« Au fil des ans, j’ai remarqué que l’art de la mosaïque, au cours de sa longue histoire, a surtout servi à documenter les réalisations masculines. Les représentations de femmes en mosaïque étaient limitées au domaine des figures saintes, des divinités mythologiques ou des figures allégoriques qui n’incarnent que des vertus féminines spécifiques ou des concepts ésotériques. » C’est sur ces mots que Lilian Broca, artiste mosaïste, explique son intérêt pour la représentation des grandes femmes de l’histoire sur ces petits fragments colorés qui célèbrent les héros et les victoires des puissants.
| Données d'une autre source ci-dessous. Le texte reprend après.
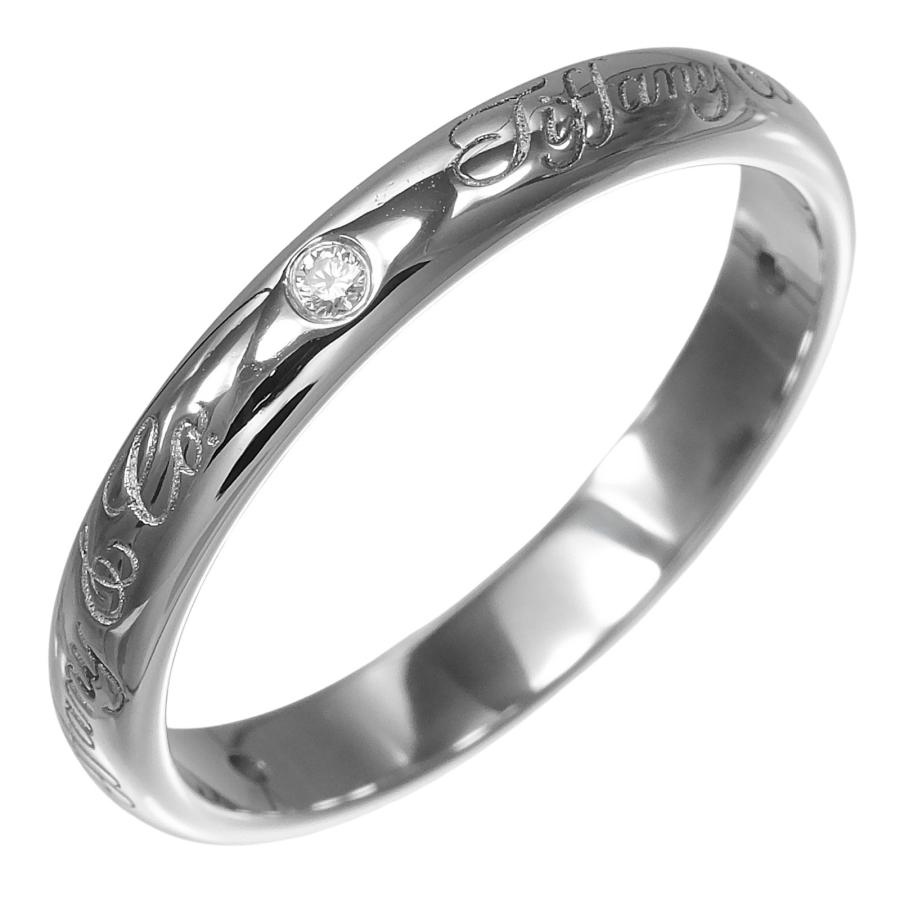 TIFFANY&Co.（ティファニー） ノーツ ルシダ 12号 リング 指輪 Pt950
Exposée jusqu’au 15 août 2022 au Centre culturel italien de Vancouver (ICC), la série Mary Magdalene Resurrected redonne toute sa gloire à Marie Madeleine, disciple de Jésus Christ injustement transformée par le clergé en figure de débauche pour servir d’exemple de repentance.
Représentation
Tout au long de sa carrière artistique, Lilian Broca a exploré les disparités dans les dynamiques de pouvoir masculines et féminines et c’est ce manque de représentation qui l’a poussée vers la mosaïque dans la seconde moitié de sa carrière, laissant derrière elle la peinture et le dessin figuratifs auxquels elle s’était consacrée auparavant.
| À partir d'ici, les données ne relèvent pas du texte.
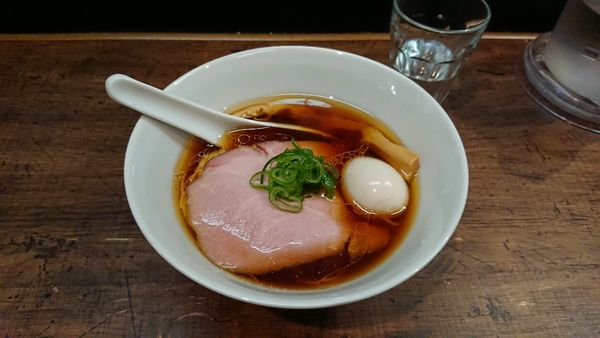 「醤油蕎麦」@神保町黒須の写真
En 2002, l’artiste se voit donner l’occasion de présenter la reine Esther et son histoire sur de grandes mosaïques en verre. Sans formation préalable dans cette nouvelle discipline, Lilian Broca achète le matériel nécessaire à cet imposant projet et se plonge directement dans l’art de la mosaïque. Ce premier projet, composé de dix mosaïques très grand format, a requis sept ans de travail solitaire pendant lesquels Lilian Broca a parfait sa technique et son savoir-faire. « Depuis lors, j’ai continué à travailler dans ce nouveau médium en réalisant deux nouvelles séries de mosaïques, l’une sur la Judith biblique et la présente sur Marie-Madeleine », raconte l’artiste.
Riche collaboration
Acceptant des projets de plus en plus ambitieux, Lilian Broca s’est associée au studio mont-réalais Mosaika pour réaliser ses œuvres plus rapidement. La série sur Marie Madeleine exposée au Centre culturel italien de Vancouver est le fruit de cette riche collaboration entre l’artiste et des talents mosaïstes de Montréal. Il a fallu six ans de travail minutieux pour terminer ces impressionnantes mosaïques de plus de six pieds de haut, le projet ayant été retardé par la pandémie. L’artiste a commencé par des recherches approfondies sur Marie Madeleine et l’histoire de sa représentation. « Malgré les efforts considérables déployés pour la marginaliser et minimiser son importance, Marie-Madeleine a atteint l’immortalité grâce à son courage et à sa loyauté envers Yeshua ben Yosef, un homme charismatique et doux qui pensait que les femmes étaient dignes d’attention et de respect à une époque où cela n’était même pas envisagé », raconte la mosaïste avant d’ajouter : « Pendant vingt siècles, Yeshua, ou Jésus, a été à la fois un pont et une barrière entre les religions juive et chrétienne. Bien que je trouve Jésus tout aussi fascinant, cet ouvrage ne porte pas sur lui. Il est strictement consacré à sa disciple favorite et bien-aimée, Marie la Magdaléenne. »
Monumentales
Et l’érudition que Broca possède sur ces histoires volontairement déformées se retrouve partout dans ses œuvres, dans les détails dorés de ces œuvres monumentales, tout comme dans les écrits sacrés apparaissant sur les mosaïques. Ces belles lettres racontant chaque scène n’ont pas été laissées au hasard. « J’ai décidé d’utiliser sept différents textes écrits dans des langues parlées à l’époque de Marie-Madeleine », explique Lilian Broca, avant de préciser : « Il y en a un en hébreu, un en araméen, un en grec ancien, un en amharique, un en latin, un en arménien et un en copte. Ils symbolisent les nombreuses versions de l’histoire ancienne d’une femme très malmenée que l’histoire n’a pas traitée avec bonté. » Et en associant chaque texte à une de ses mosaïques, l’artiste répare le tort qui a été causé à la fervente disciple dans autant de versions, autant d’écrits.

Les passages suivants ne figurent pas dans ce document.